▶ ENTRIES PROVIDED
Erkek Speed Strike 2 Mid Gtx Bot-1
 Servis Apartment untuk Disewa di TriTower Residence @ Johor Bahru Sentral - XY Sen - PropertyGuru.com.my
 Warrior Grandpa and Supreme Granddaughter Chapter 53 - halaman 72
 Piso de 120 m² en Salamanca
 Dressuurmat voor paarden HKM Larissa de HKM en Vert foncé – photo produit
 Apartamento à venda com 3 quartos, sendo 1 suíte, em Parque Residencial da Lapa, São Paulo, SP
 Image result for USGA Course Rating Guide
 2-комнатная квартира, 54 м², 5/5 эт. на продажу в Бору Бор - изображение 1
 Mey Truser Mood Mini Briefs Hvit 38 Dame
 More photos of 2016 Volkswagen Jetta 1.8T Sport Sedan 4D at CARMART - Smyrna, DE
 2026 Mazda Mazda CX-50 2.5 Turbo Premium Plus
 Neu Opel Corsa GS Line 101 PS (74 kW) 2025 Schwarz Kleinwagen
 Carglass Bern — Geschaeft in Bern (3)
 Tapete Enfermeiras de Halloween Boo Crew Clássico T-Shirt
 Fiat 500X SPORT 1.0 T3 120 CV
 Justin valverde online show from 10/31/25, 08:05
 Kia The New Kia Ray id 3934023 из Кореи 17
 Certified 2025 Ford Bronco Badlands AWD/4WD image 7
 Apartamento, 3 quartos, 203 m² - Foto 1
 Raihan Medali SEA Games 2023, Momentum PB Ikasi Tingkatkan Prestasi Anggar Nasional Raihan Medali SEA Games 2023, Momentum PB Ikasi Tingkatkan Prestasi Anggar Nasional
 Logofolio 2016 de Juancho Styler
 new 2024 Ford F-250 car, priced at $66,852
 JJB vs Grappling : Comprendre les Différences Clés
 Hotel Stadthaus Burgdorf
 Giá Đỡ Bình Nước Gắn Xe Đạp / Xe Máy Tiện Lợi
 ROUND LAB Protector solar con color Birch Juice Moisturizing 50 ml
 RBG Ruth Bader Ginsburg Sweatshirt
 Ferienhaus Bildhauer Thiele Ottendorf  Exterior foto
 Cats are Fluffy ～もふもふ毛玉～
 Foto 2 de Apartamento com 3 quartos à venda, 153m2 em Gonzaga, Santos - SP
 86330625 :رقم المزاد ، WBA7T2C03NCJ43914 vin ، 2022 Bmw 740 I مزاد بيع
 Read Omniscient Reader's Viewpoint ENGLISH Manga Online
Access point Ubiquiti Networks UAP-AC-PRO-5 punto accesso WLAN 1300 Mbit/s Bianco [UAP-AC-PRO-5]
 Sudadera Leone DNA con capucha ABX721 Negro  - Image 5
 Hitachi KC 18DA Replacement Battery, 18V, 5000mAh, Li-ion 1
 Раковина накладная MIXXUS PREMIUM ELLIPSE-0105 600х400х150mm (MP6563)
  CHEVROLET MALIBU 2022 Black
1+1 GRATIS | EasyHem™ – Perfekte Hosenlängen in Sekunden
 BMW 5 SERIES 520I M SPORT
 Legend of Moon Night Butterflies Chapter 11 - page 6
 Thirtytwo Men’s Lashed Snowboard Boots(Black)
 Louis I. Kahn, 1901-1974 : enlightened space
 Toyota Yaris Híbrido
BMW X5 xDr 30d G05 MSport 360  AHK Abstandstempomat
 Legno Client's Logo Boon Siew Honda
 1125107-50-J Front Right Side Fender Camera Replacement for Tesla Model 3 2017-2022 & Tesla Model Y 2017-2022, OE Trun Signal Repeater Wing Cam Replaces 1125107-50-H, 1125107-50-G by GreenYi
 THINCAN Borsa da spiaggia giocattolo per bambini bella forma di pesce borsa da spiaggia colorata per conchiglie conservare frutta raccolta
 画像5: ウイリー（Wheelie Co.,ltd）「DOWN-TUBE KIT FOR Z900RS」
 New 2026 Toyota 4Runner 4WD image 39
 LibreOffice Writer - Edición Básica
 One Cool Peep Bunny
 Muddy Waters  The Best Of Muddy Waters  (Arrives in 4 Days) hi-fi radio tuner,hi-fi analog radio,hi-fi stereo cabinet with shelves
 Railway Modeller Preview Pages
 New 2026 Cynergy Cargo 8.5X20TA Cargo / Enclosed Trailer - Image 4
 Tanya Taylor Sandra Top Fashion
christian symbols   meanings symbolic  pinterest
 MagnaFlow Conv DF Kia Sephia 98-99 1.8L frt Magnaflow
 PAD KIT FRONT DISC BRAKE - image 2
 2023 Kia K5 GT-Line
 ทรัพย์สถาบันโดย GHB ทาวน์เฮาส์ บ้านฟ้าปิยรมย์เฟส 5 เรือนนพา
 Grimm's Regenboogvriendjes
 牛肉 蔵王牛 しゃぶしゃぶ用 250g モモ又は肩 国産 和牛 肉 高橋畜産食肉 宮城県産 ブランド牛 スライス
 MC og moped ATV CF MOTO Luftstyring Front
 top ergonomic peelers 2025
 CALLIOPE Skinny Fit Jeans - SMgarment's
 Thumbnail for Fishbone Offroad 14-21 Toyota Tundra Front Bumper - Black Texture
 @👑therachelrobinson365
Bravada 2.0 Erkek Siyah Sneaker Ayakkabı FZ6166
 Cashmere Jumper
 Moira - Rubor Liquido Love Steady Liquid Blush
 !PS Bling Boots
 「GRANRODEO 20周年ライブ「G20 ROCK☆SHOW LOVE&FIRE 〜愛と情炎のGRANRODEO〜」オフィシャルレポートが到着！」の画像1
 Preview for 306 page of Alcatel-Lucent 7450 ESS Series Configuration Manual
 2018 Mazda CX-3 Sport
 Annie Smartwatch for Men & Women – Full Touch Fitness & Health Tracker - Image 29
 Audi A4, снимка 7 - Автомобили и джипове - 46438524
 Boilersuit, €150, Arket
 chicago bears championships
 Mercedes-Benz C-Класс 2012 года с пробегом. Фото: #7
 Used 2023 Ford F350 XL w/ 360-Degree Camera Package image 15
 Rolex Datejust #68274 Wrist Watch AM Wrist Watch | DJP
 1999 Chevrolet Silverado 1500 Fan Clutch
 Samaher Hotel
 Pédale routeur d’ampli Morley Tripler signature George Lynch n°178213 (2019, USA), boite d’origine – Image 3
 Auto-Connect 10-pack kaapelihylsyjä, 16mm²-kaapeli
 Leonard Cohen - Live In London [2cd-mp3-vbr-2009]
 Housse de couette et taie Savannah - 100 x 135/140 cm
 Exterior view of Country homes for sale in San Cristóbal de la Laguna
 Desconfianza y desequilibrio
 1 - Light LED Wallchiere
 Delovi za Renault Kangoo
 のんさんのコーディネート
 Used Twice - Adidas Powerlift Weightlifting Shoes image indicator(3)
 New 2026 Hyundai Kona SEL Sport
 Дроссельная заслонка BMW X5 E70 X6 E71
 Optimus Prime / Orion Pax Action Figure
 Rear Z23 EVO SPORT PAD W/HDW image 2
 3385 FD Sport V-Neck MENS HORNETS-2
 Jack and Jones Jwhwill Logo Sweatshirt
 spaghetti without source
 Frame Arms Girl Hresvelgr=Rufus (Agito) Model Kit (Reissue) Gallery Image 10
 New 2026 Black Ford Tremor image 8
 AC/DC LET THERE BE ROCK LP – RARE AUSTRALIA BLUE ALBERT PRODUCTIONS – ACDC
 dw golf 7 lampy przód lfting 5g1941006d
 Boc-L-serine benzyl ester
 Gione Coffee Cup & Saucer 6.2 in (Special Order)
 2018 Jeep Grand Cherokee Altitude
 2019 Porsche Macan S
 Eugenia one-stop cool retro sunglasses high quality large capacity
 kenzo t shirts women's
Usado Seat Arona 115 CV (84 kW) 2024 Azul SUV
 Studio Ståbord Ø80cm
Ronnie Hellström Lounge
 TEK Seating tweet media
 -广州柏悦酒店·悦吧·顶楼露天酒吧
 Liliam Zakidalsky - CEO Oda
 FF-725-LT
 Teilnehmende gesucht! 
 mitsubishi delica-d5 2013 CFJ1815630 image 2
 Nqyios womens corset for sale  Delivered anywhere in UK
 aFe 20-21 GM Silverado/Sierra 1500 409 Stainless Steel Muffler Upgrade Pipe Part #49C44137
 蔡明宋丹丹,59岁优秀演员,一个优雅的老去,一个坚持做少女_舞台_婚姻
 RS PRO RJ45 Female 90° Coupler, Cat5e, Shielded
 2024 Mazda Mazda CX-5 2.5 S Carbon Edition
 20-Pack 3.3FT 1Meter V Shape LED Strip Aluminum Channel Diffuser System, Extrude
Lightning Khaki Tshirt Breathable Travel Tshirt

▶ ACTIVITY
Please give an exact copy of the lines above, beginning with the line containing "Thumbnail for Fishbone" and running through the line containing "Mercedes-Benz C-Класс 2012", and of no other lines.

▶ EXERCISE SOLUTION
 Thumbnail for Fishbone Offroad 14-21 Toyota Tundra Front Bumper - Black Texture
 @👑therachelrobinson365
Bravada 2.0 Erkek Siyah Sneaker Ayakkabı FZ6166
 Cashmere Jumper
 Moira - Rubor Liquido Love Steady Liquid Blush
 !PS Bling Boots
 「GRANRODEO 20周年ライブ「G20 ROCK☆SHOW LOVE&FIRE 〜愛と情炎のGRANRODEO〜」オフィシャルレポートが到着！」の画像1
 Preview for 306 page of Alcatel-Lucent 7450 ESS Series Configuration Manual
 2018 Mazda CX-3 Sport
 Annie Smartwatch for Men & Women – Full Touch Fitness & Health Tracker - Image 29
 Audi A4, снимка 7 - Автомобили и джипове - 46438524
 Boilersuit, €150, Arket
 chicago bears championships
 Mercedes-Benz C-Класс 2012 года с пробегом. Фото: #7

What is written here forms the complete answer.